Lurking in a shadowy corner is a tumbled mound of boulders – lava, I presume – held together, seemingly, by the roots of the saplings and weeds that sprout from all its nooks and crannies. For all its chthonic unkemptness, though, this Mt Fuji lacks the height and bulk of its peers at Otowa and Shinagawa.

The small scale and primitive form – more mountainside than manicured rock garden – hint that I’m looking at one of Edo’s earlier Fujizukas. A helpful signboard confirms that it was constructed in 1828. And it turns out that an earlier version dates from 1782, making it only a generation more recent than Edo’s first Fujizuka.

Adherents of the Mt Fuji faith trace their origins back to Hasegawa Kakugyō, born in 1541 and said to have died 106 years later in the same cave on Mt Fuji, the Hitoana, where he performed austerities on tiptoe for one thousand days and nights. But it was a later follower, Jikigyō Miroku (1671-1733), a successful oil merchant and proselyte, who turned the Fuji congregations or “Fuji-kō” into a mass movement.

Jikigyo Miroku
Jikigyō had a wife and three daughters. This became especially relevant to the story of Fujizuka in the sixth month of 1733, the year after the Kyōhō famine, when Jikigyō climbed Mt Fuji for the last time, with the firm intent of fasting to death – for his motives, Emily Scoble’s excellent paper on miniature Mt Fujis explains the background.

In the thirty-one days before he succumbed to hunger and cold, Jikigyō gave sermons that his acolytes noted down as holy scripture.

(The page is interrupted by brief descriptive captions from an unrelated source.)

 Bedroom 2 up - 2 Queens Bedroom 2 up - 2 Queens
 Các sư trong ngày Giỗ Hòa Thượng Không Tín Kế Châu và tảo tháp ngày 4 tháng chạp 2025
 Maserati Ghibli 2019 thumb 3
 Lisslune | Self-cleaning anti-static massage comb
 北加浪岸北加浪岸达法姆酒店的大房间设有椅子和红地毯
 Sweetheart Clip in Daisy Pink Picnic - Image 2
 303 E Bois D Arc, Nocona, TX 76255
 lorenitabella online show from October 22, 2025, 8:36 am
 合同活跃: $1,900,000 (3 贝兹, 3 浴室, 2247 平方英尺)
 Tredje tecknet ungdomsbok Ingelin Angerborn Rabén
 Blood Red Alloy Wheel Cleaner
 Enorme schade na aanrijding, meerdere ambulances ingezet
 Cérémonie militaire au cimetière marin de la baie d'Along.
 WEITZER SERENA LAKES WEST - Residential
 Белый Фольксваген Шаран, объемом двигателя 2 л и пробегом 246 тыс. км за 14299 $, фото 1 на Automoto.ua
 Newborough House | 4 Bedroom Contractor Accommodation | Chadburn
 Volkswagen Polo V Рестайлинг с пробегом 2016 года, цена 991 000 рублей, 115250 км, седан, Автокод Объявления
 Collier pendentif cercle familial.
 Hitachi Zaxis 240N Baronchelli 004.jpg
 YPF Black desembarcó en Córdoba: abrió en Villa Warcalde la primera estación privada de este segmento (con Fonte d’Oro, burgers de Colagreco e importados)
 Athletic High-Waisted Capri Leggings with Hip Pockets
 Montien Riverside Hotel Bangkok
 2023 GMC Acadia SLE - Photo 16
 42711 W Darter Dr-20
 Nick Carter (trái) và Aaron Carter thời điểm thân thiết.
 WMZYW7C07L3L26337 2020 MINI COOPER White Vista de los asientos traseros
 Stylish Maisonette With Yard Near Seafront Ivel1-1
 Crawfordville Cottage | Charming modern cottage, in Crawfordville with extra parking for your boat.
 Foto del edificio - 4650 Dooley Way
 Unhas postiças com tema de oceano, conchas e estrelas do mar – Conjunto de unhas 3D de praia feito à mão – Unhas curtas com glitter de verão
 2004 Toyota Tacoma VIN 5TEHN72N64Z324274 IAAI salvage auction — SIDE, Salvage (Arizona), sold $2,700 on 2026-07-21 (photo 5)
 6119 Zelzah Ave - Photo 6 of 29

And one of his teachings was that women ought not be thought of as “impure”, as held by mainstream religions of the time, and should hence be treated as equal members of the Fuji-kō. As women were nonetheless officially banned from climbing Mt Fuji, he suggested that a replica could be built in Edo that anybody – young or old, male or female – could climb “as long as the world exists”.

His wishes were realised by his disciple, Takada Tōshirō, a landscape gardener, who put up Edo’s first miniature Mt Fuji in 1765 . Starting a tradition of his own, he used real lava from the lower slopes of Mt Fuji for the body of his mountain and soil from the summit for the top.

Within a few years, Fujizuka started to mushroom all over Edo and even in surrounding districts, although they didn’t seem to catch on further afield. Print artists included them in their famous views of Edo. Hiroshige cleverly juxtaposed the one at Meguro with the real Mt Fuji. The air was less hazy in those days, thanks no doubt to the dearth of trucks on the roaring skillet of Route 4.

On the slopes of a six-metre-high mock-Fuji that he completed at Takadanobaba in 1779, Takada fashioned a miniature Tainai cave, a tiny shrine at the fifth station, and ten climbing “stations” along a zigzag ascent path, as did many of his imitators. Unfortunately, I can’t see if the Ono Terusaki Mt Fuji shares these features, because a sturdy metal gate stands in the way. And the gate is guarded by two stone monkeys, making reference to the tradition that Mt Fuji was thrown up in a single night during a Kōshin year. Clearly, casual climbing is discouraged: this Fujizuka will not be trivialised.

Turning towards the shrine’s buildings, I keep my camera switched off. Although it’s still early in the morning, there’s hardly a moment when somebody isn't paying their respects in front of the main sanctuary, whether an old man, or a mother with her baby in a sling, or salaryfolk on their way to work.

Prayers are said to be particularly efficacious for success in the academic and theatrical worlds. Atsumi Kiyoshi, of the “Otoko wa tsurai yo” series, got his first big break after praying at Ono Terusaki. So there’s no need here for the plaintive sign I saw yesterday below the Shinagawa Fuji: “Let’s pray at least once a month at our local shrine.”

As if materializing from thin air, a white-robed maiden has appeared in the shrine office – surely it was empty a moment ago. She finds my range instantly: probably my little round glasses have betrayed me as an aspirant meizanologist. “If you’re interested in Fujizuka, we’ve just recently published this book …” And effortlessly, as if possessed by a fox, my wallet opens and ¥1,800 passes over the wooden counter.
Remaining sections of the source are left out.